Carroll was one of the first people to learn that a Hollywood production company was interested in shooting a feature film on the Vineyard.
    
In February 1974, Carroll owned and ran the Kelley House in Edgartown, among other businesses. A recent Kelley House renovation and expansion project had landed him in financial trouble. He was half a million dollars in debt, and had nowhere to turn.
    
Then Zanuck/Brown rode in and delivered him a perfect Hollywood ending.
    
“They said they were coming for five weeks and needed 50 rooms. They stayed for five months and had about 100 rooms, which was absolutely wonderful,” says Carroll. “I was verging on bankruptcy and they saved my life. I made a ton of money that year.”
    
After spending the five months in close quarters with the producers, actors, and crew, he could have written a sensational tell-all book.

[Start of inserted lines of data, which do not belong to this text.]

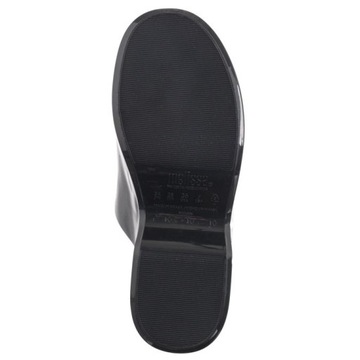 Buty Klapki Damskie Melissa Zoe AD 33866/AO134 Black Czarne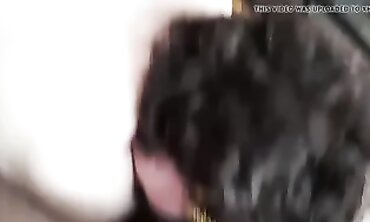 Aged Plumper's First Time Anal Experience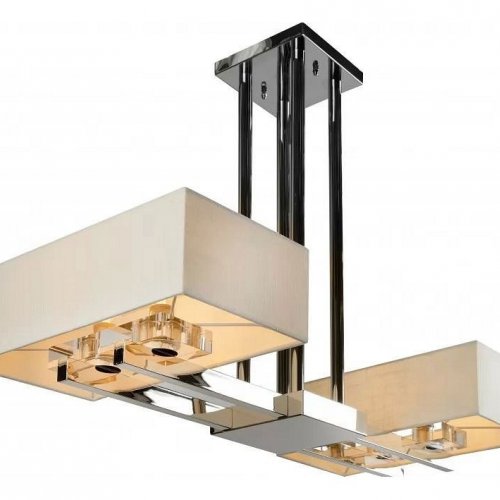 Потолочная люстра iLamp Play CJ0104 CR Потолочная люстра iLamp Play CJ0104 CR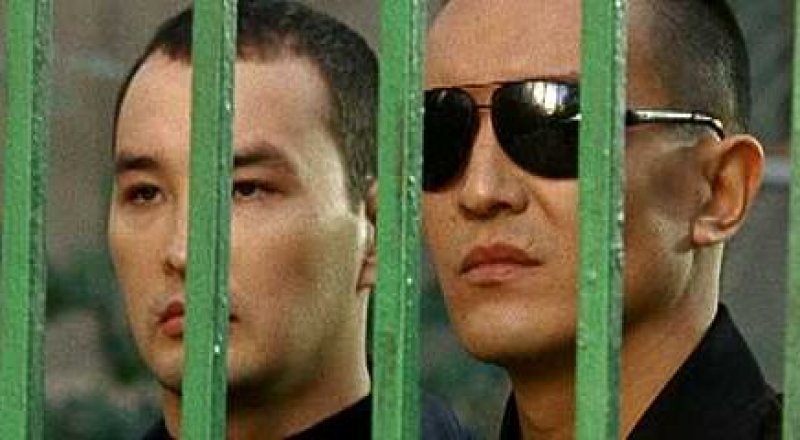 “Рэкетир” фильмінің кадры. Көрнекі сурет. © np.kz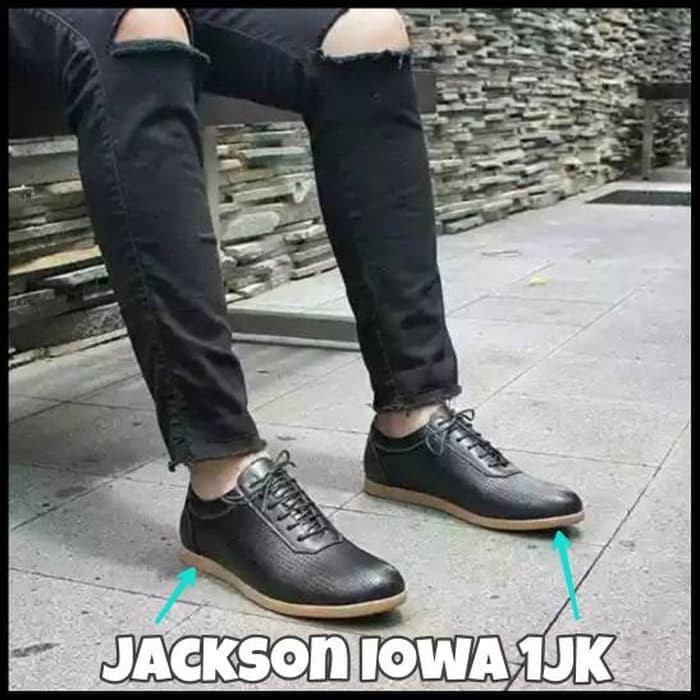 JACKSON YOUR 1JK/Sepatu Kulit Pria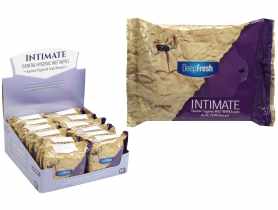 Chusteczki nawilżane do higieny intymnej 25 szt. DEEP FRESH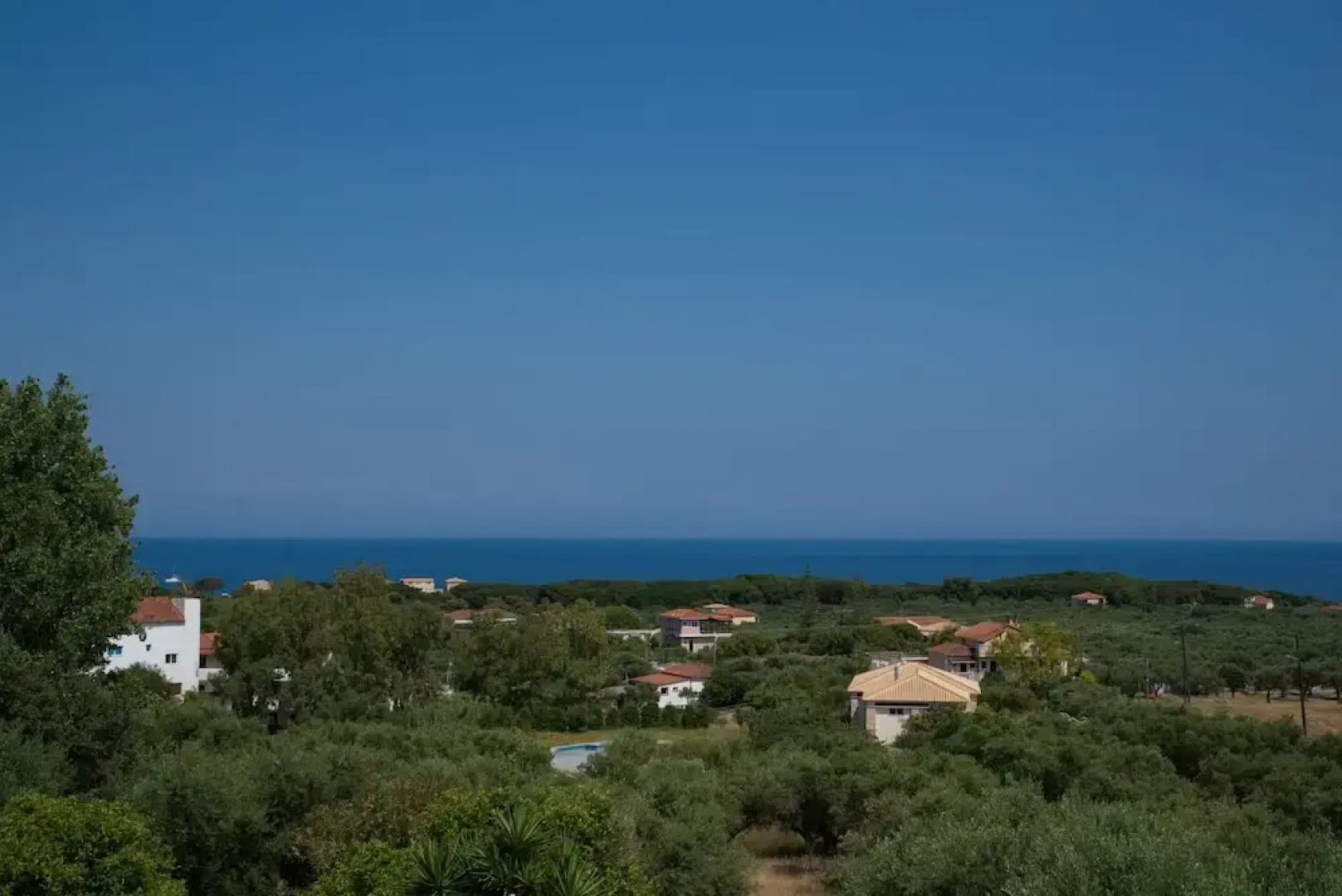 Villa Kapnisi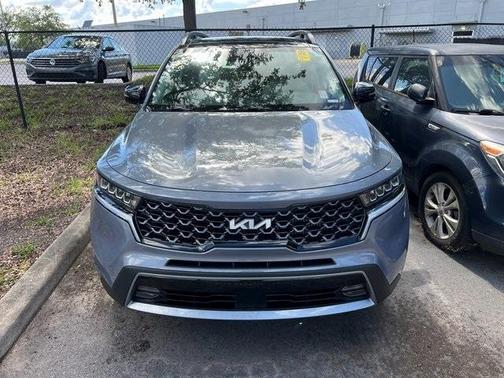 2022 Kia Sorento X-Line EX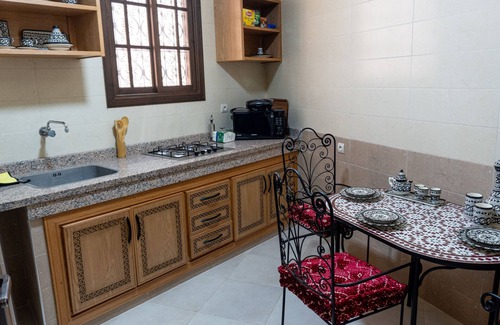 Talaa Apartment | Dar Bouzoubaa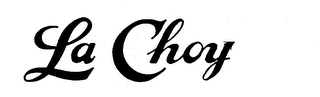 LA CHOY logo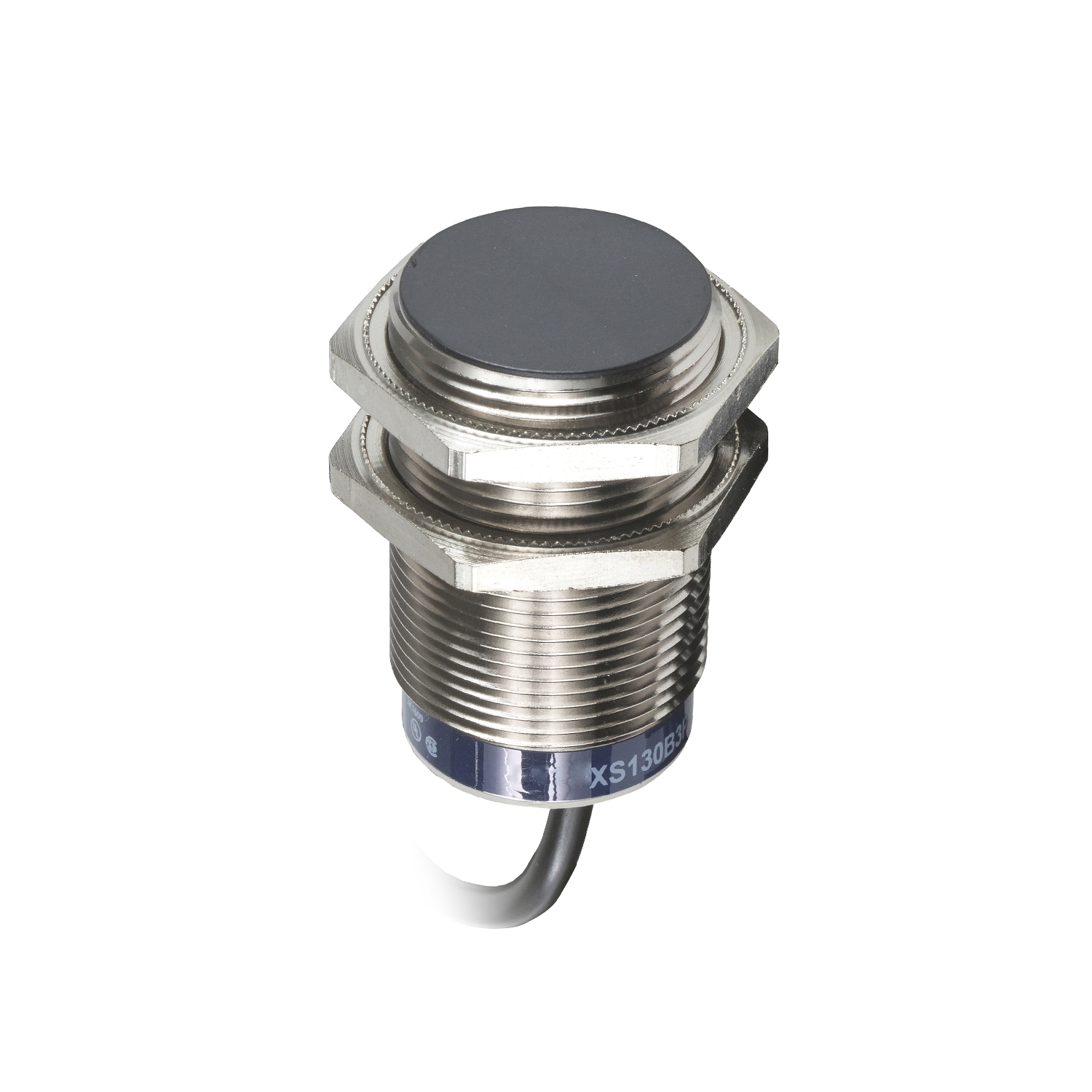 XS130B3NAL2 ИНДУКТИВНЫЙ ЦИЛИНДР. ДАТЧИК M30 12 24ВDC Schneider Electric Электронные датчики 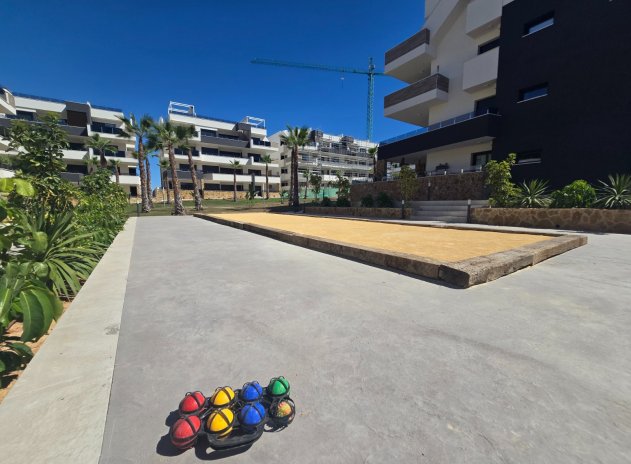 Herverkoop - Appartement - Orihuela Costa - Los Altos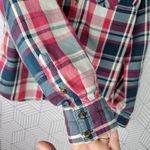 The North Face  Suncrest Plaid Button Down Shirt Photo 5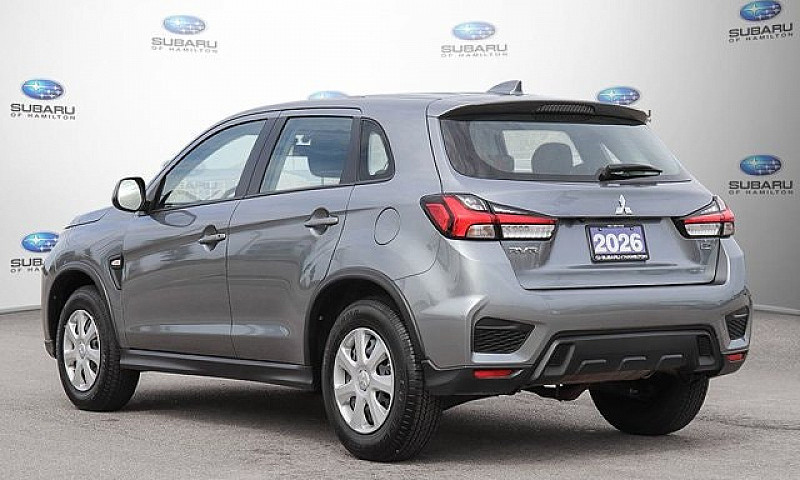 2026 Mitsubishi Rvr ...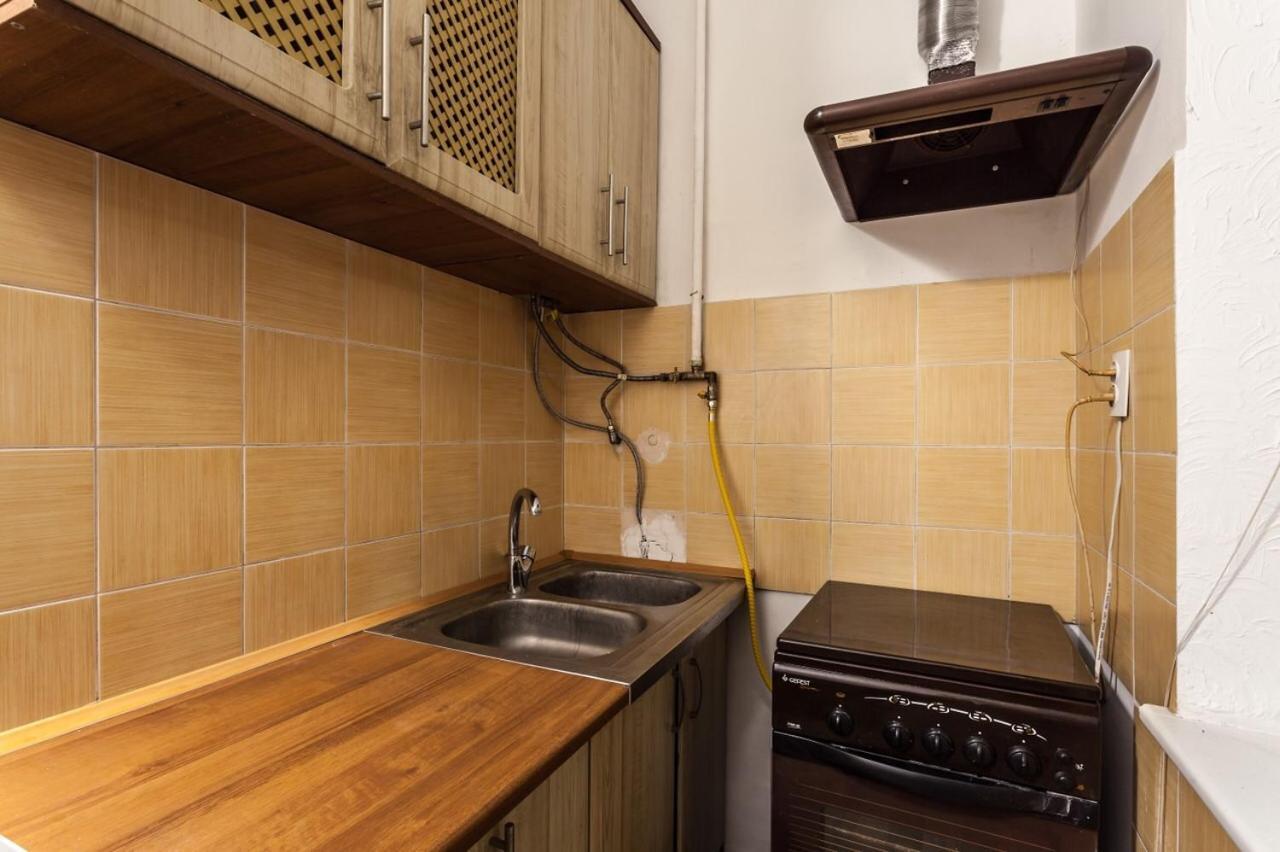 Apartment Near Circus Львів Екстер'єр фото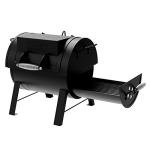 Dyna-Glo Portable Tabletop Charcoal Grill & Sidebox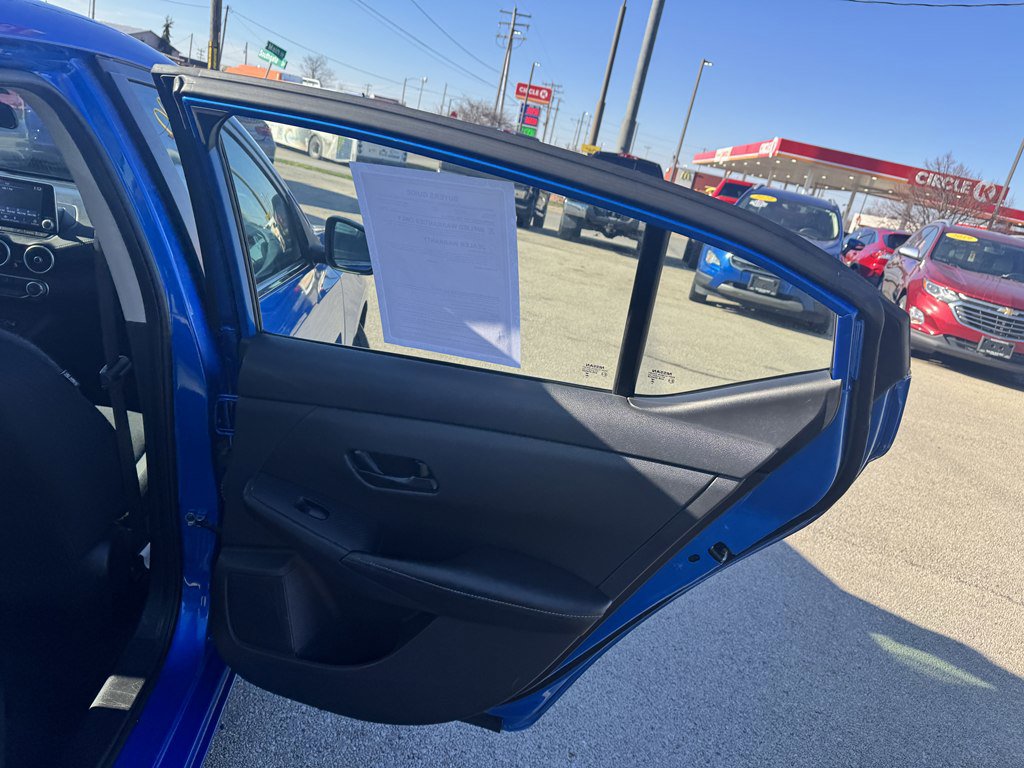 Used 2024 Nissan Sentra SV image 19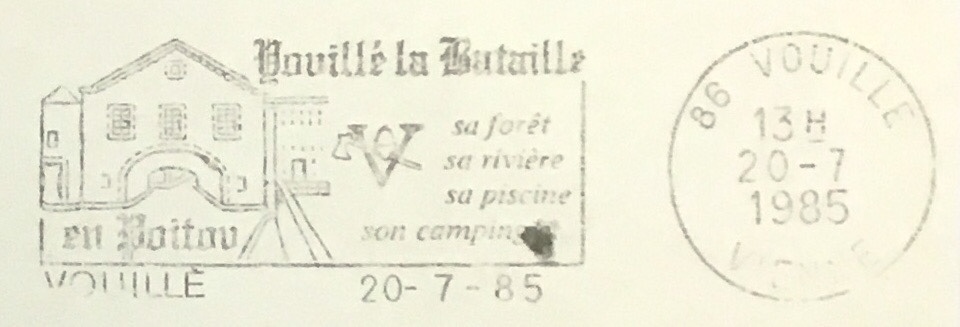 Vouillé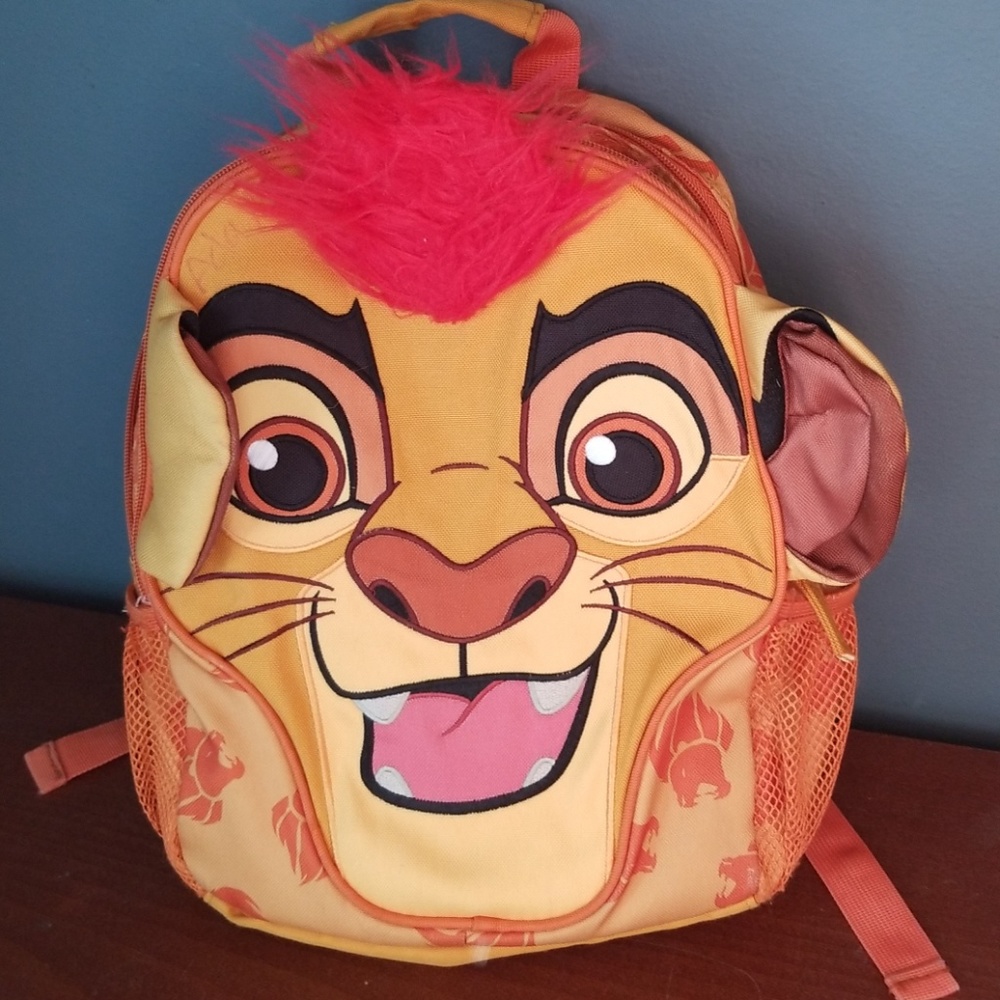 Lion Gaurd back pack -small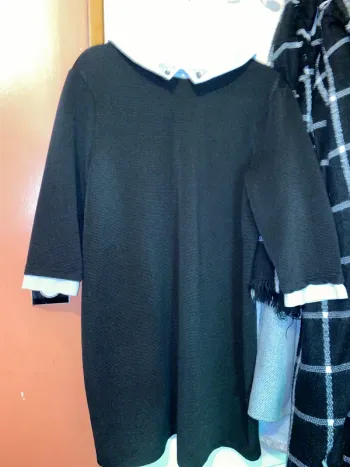 Robe col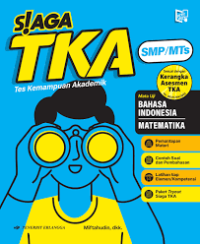 Image of Siaga TKA; Bindo/ Matematika SMP
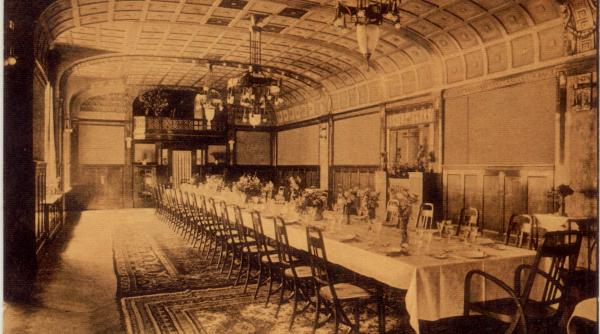 restaurator si restaurant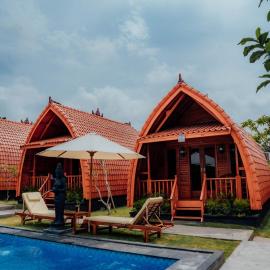 Nusa Dua Huts Pondok Gajah Para by EPS, hotel in Nusa Dua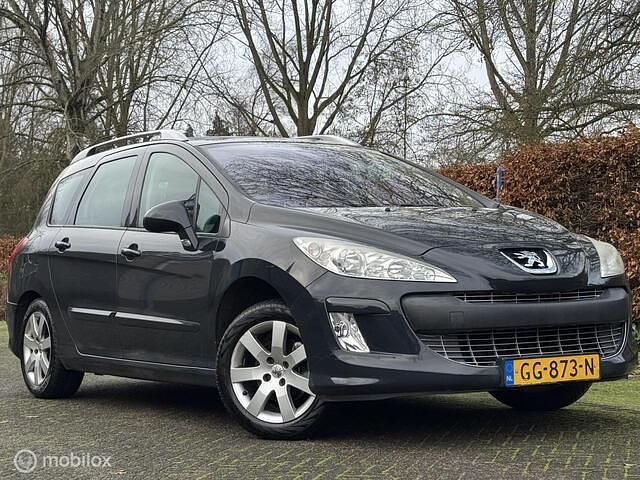 Occasion Peugeot 308 SW 120 PK (88 kW) 2010 Grijs Stationwagen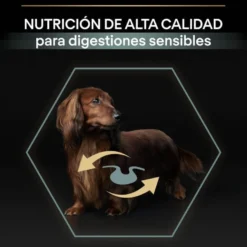 Pro Plan Adult Small y Mini Digestión Cordero pienso para perros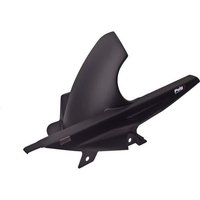 6040J - Puig Hugger For Triumph Tiger 800 2011-2014 - Matt Black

He has bad-boy scoops on actors Robert Shaw, Richard Dreyfuss, and Roy Scheider. He watched the young Steven Spielberg at work. Verna Fields, one of Hollywood’s finest editors, spliced shots together in one of his hotel rooms. Carroll got an opportunity to cut his own acting chops and played a selectman in the film.
    
“It was a great deal of fun for all of us, but you know something, I wouldn’t be an actor full-time. It’s the most boring job.” And in typical Carroll fashion, he adds, “We did one scene thirty-six or thirty-eight times, and it never appeared in the movie. I understand why they’re either drunks or perverts or there’s something wrong with a lot of them, because it’s boring as hell.”
    
When the Jaws crew finally packed their bags and left the Island, a number of Vineyarders hitched a ride with them. Bob Carroll remained here. Now, thirty years later, he lives on the top floor of the Harbor View Hotel in Edgartown and has a spectacular panoramic view of Edgartown harbor that rivals, and even trumps, the magic of Technicolor.